At a glance.
- US Commerce Department will halt most TikTok and WeChat transactions on Sunday.
- US Federal Energy Regulatory Commission seeks comment on supply chain risks to bulk power distribution.
- A European tracker taxonomy.
- Tracking cyber risk mitigation in the financial services sector.
US Commerce Department will ban TikTok and WeChat transactions this coming Sunday.

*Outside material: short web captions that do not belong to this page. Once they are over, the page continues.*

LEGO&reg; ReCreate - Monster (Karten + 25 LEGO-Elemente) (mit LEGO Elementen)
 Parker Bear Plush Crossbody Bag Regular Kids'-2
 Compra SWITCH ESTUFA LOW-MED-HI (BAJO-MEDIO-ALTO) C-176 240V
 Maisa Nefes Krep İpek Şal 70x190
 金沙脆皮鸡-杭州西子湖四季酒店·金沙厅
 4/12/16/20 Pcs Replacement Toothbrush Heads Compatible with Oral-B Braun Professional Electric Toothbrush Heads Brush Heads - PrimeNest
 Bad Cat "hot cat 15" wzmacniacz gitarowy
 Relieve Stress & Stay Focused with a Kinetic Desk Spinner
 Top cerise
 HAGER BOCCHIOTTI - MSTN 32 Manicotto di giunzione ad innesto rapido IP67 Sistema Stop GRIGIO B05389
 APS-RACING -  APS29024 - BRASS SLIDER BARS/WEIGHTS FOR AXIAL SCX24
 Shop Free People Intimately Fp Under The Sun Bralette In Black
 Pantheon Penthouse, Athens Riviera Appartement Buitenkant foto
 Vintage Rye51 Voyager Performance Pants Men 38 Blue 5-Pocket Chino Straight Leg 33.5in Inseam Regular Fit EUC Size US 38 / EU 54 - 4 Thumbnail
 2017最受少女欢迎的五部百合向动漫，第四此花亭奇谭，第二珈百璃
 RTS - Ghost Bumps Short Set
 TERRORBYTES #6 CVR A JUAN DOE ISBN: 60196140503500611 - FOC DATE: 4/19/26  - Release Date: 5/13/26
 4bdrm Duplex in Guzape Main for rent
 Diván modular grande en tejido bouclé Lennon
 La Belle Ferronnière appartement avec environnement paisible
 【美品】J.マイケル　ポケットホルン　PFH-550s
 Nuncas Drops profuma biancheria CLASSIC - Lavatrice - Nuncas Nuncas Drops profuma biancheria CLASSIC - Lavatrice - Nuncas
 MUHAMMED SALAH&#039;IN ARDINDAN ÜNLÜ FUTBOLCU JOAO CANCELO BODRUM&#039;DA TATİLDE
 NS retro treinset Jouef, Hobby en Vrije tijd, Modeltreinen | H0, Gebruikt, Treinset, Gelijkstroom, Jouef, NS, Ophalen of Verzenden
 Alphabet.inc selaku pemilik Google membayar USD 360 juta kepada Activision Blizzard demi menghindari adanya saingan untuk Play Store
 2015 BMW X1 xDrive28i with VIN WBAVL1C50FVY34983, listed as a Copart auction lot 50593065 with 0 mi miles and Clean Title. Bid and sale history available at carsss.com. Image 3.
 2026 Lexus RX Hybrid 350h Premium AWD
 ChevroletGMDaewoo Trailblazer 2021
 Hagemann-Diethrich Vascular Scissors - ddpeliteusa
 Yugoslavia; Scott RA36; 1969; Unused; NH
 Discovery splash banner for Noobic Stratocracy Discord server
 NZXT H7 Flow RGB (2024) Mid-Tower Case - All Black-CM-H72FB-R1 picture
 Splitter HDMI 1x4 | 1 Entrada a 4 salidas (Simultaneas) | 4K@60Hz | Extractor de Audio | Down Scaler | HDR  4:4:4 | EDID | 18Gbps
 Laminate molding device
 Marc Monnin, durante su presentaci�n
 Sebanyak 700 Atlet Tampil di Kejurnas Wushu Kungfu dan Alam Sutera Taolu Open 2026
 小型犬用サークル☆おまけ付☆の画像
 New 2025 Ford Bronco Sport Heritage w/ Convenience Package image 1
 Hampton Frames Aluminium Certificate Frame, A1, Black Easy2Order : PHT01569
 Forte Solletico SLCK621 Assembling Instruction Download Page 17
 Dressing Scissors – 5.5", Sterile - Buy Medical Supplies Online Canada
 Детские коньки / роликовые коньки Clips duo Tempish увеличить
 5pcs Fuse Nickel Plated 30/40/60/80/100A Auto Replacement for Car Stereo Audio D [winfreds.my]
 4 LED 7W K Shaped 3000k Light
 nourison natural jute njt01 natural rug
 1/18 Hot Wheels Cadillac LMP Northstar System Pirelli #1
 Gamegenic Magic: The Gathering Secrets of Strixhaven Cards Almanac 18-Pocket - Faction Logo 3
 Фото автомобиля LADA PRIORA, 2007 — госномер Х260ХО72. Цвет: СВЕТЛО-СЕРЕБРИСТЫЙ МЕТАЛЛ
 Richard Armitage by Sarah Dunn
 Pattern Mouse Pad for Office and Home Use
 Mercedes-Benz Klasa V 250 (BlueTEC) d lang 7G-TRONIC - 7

The US Department of Commerce this morning announced that most transactions with WeChat and TikTok will be banned, effective Sunday. Commerce explained the decision as follows: "While the threats posed by WeChat and TikTok are not identical, they are similar. Each collects vast swaths of data from users, including network activity, location data, and browsing and search histories. Each is an active participant in China’s civil-military fusion and is subject to mandatory cooperation with the intelligence services of the CCP. This combination results in the use of WeChat and TikTok creating unacceptable risks to our national security." The action was taken pursuant to Executive Orders 13942 and 13943.
FERC opens comments on proposed bulk power security measures.
The US Federal Energy Regulatory Commission (FERC) is soliciting comments on risks to the nation's power grid highlighted in May's Executive Order on Securing the United States Bulk-Power System. FERC specifically mentions Huawei and ZTE as examples of supply chain threats to the national security. The Commission is interested in comments on:
- "the extent to which equipment and services provided by such entities are used in the operation of the bulk electric system;
- "the risks to bulk electric system reliability and security posed by the use of equipment and services;
- "whether the current Critical Infrastructure Protection (CIP) Reliability Standards adequately mitigate the identified risks; and
- "possible actions the Commission could consider to further address the identified risks."
EU develops tracker taxonomy.
Cordis reports on an EU-backed project called “Citizen Scientists Investigating Cookies and App GDPR compliance” (CSI-COP) exploring the scope of online tracking. Among their initiatives is a cookie-free website intended to encourage others to design for privacy and have a hard think about what constitutes “legitimate business purposes.” CSI-COP champions “human rights in the digital age” and will develop workshops, a course, and a “web-based open-access knowledge-resource” in partnership with “AI research scientists, technology and privacy lawyers, gender experts, historians, philosophers, digital humanities, and open science experts.” The resource will feature a searchable taxonomy of trackers and targeted profiles for the benefit of everyone from parents to GDPR regulators.
"Treasury Needs to Improve Tracking of Financial Sector Cybersecurity Risk Mitigation Efforts."
The US Government Accountability Office (GAO) has rendered its report on the financial sector, and on Federal oversight of the cybersecurity of this portion of the national critical infrastructure. This particular inquiry focused on cyber risk mitigation. While GAO found some positive signs of progress, on balance it found that the US Department of the Treasury had plans that were out of date, and that it lacked the ability to track risk mitigation in the institutions it oversees. "However, Treasury does not prioritize or track the progress of sectorwide risk mitigation efforts, and does not explicitly link sector efforts to the goals in the sector specific plan, which is the primary sector planning document," the report concluded.
Regulatory Report says that, with some reservations about its authority to collect the sort of information GAO would have it obtain, the Treasury Department generally agreed with GAO's findings.